By March 22, 2017Blog

Order of the Southern Cross Banquet, Sons of Confederate Veterans National Reunion, Asheville, North Carolina, August 1, 2003

As the direct descendant of a private in the 42nd North Carolina and a sergeant in the 20th North Carolina, I am honoured to talk to a group descended from notable officers in our War of Independence–or the War to Prevent Southern Independence, as I like to name it.

Nobody gave me any orders as to what to talk about, which is a happy situation. I am going to talk about “Southern Heritage Then and Now,” about the place of Southern heritage in American life.

We all know that before and during the War and during Reconstruction and for years afterward, our ancestors were officially the demons of American history. We were the evil people who tried to “destroy the greatest nation on earth” because of our lust for slavery. This is easy to believe if you start out with the assumption that everything Yankees do is always righteous and that, obviously, any people who don’t want the inestimable blessing of being governed by Yankees are by definition bad people.

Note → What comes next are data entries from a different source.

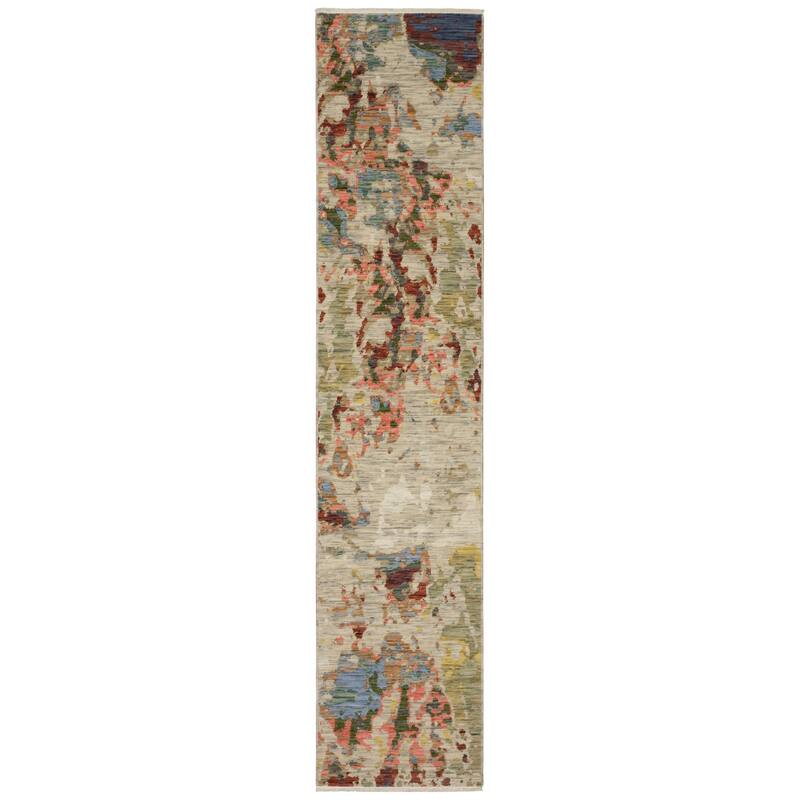 HomeRootsAbstract Modern Rectangle Area Rug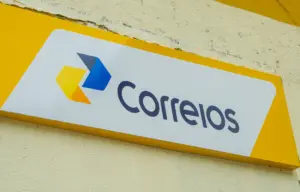 Logo dos correios do concurso correios
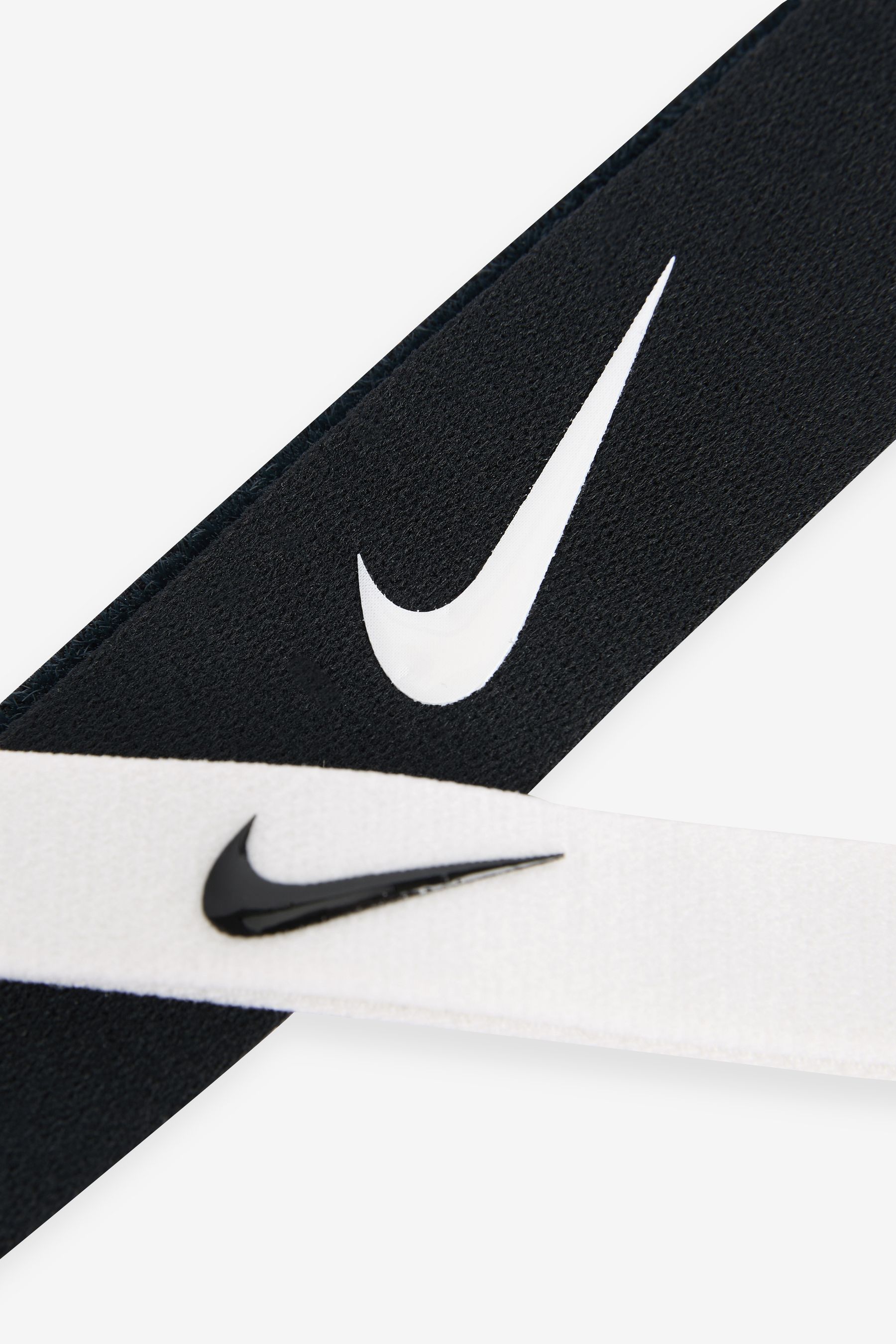 Nike black and white headband hot sale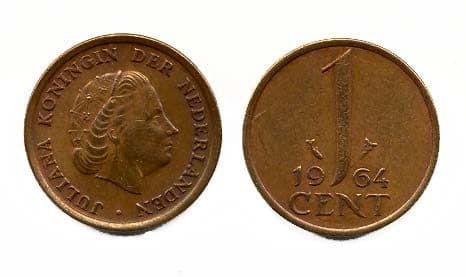1,000 Netherlands KM180(CL) 1 Cent Bulk World Coins representative product image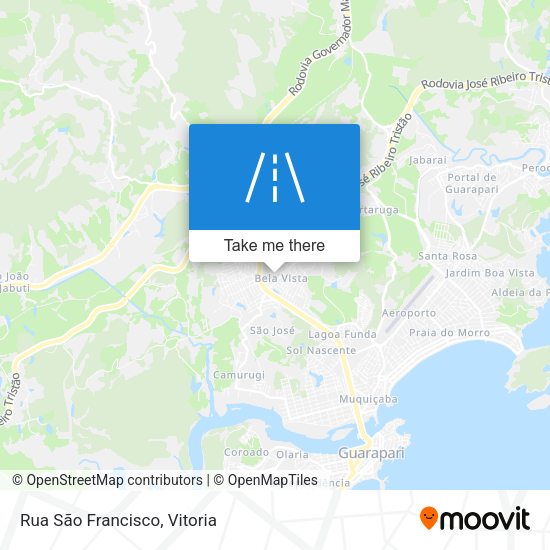 Rua São Francisco map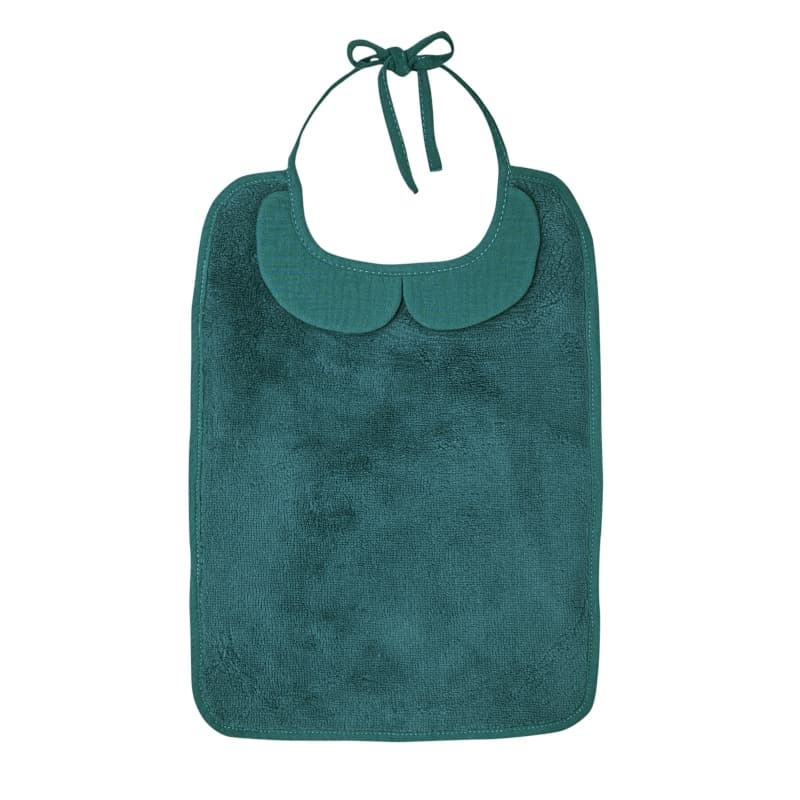 Grand Bavoir Bambou, mix&match vert paon per — vue 1 sur 2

There were always decent Northerners who decried this bloody-shirt mentality. It was, interestingly, the Northerners who had actually fought in the War who wanted to treat defeated Southerners with respect and to do what they had fought for—restore the American Union—rather than continue to oppress, exploit, and slander the South.

Joshua Chamberlain at Appomattox saluted the defeated. He later wrote of the Confederates: “There stood before us … the embodiment of manhood, men whom neither toils and sufferings, nor the fact of death, nor hopelessness could bend from their resolve.” And he remembered his feeling was not of triumph but rather that all Americans should fall down on their knees and beg forgiveness.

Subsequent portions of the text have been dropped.